Task to complete
No pictures, nothing altered: return the data below.
========
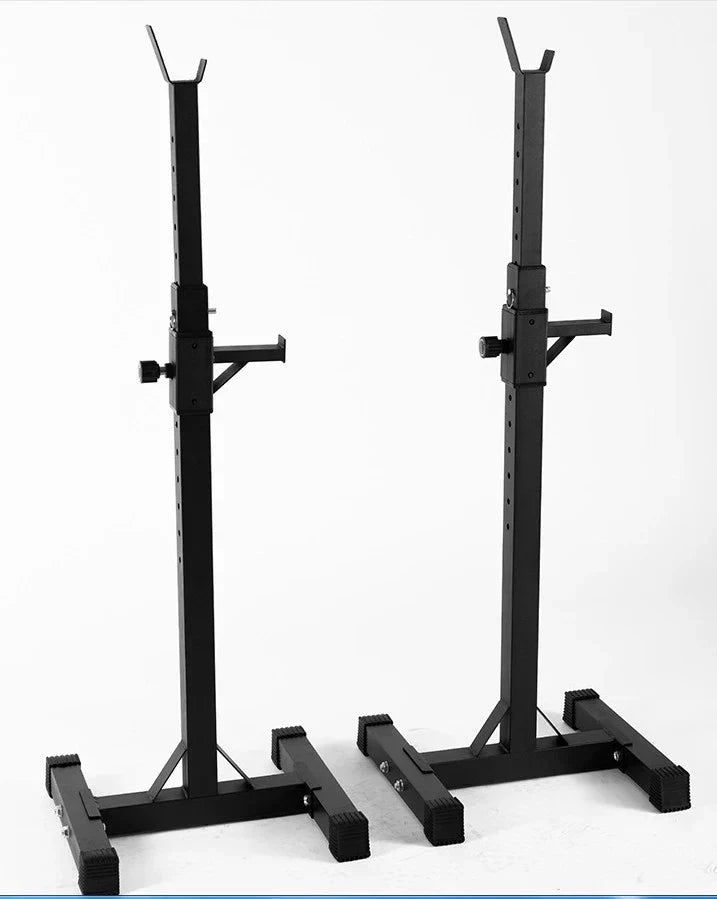 Black Split Squat Rack – Adjustable Household Fitness-2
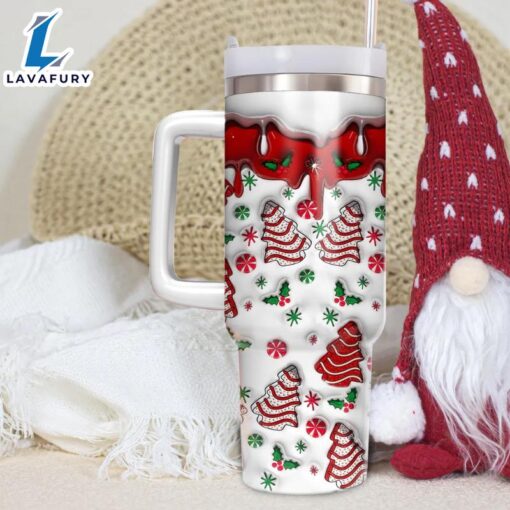 Christmas Tree Printed 40oz Insulated Tumbler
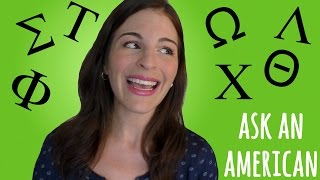 Ask An American University Sororities amp Fraternities [upl. by Kiele]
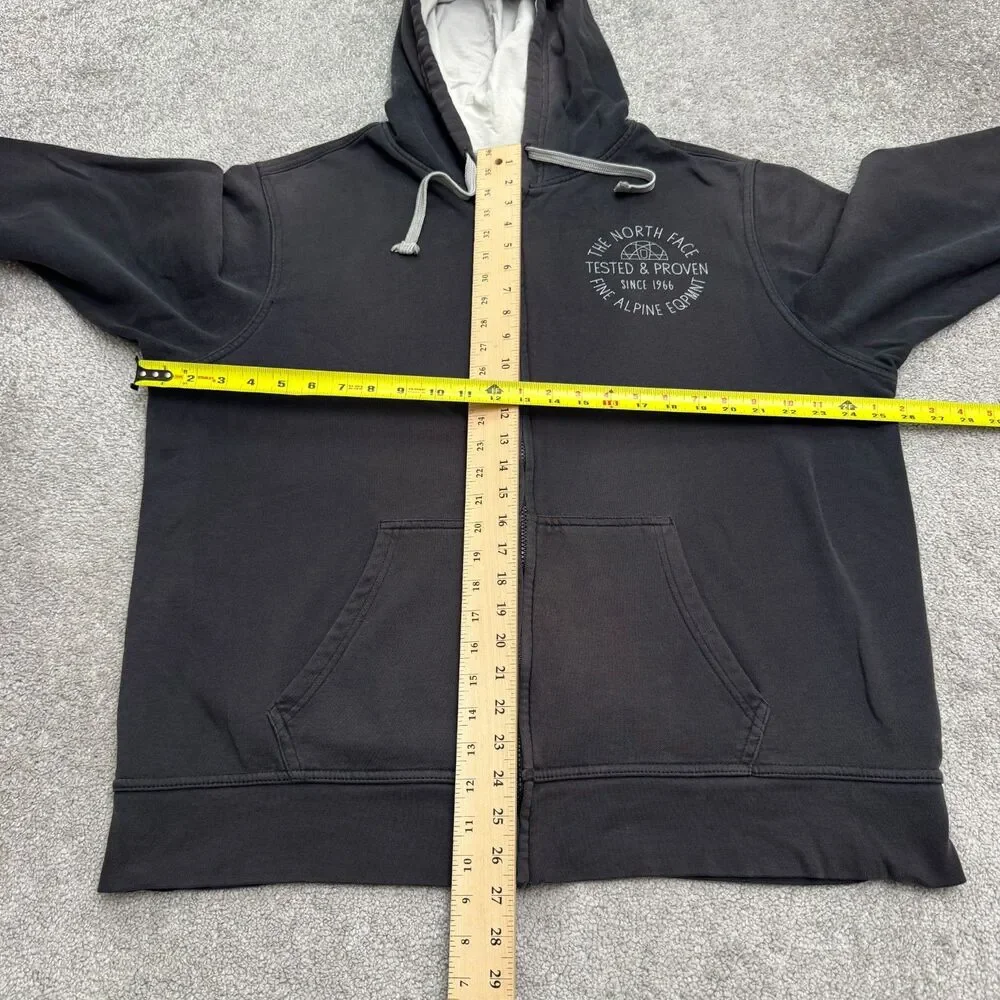 The North Face Fine Alpine Full Zip Hoodie Sweatshirt Mens XL Gray Fleece Casual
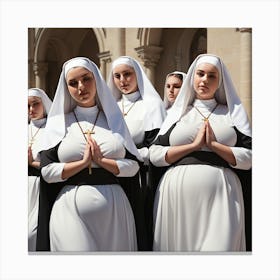 Curvy Nuns Canvas Print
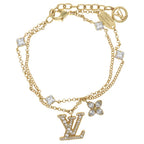 Louis Vuitton LV Logo Charm Gold Keychain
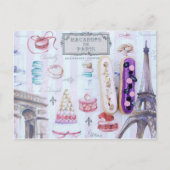 Eiffeltoren Briefkaart (Voorkant)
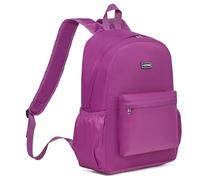 17 Inch Simple Large Backpack, Durable Bookbag for College & Travel Daypack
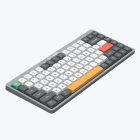 BlitzWolf® BW-Mini 75 Gaming Keyboard - 84pcs Low Profile Mechanical OUTEMU Blue Switch, RGB LED, Wired & Wireless Use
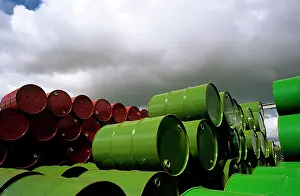 Chemicals: Chemical drum storage at Altona near Melbourne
========
Answer to the exercise
 Black Split Squat Rack – Adjustable Household Fitness-2
 Christmas Tree Printed 40oz Insulated Tumbler
 Ask An American University Sororities amp Fraternities [upl. by Kiele]
 The North Face Fine Alpine Full Zip Hoodie Sweatshirt Mens XL Gray Fleece Casual
 Curvy Nuns Canvas Print
 Louis Vuitton LV Logo Charm Gold Keychain
 Eiffeltoren Briefkaart (Voorkant)
 17 Inch Simple Large Backpack, Durable Bookbag for College & Travel Daypack
 BlitzWolf® BW-Mini 75 Gaming Keyboard - 84pcs Low Profile Mechanical OUTEMU Blue Switch, RGB LED, Wired & Wireless Use
 Chemicals: Chemical drum storage at Altona near Melbourne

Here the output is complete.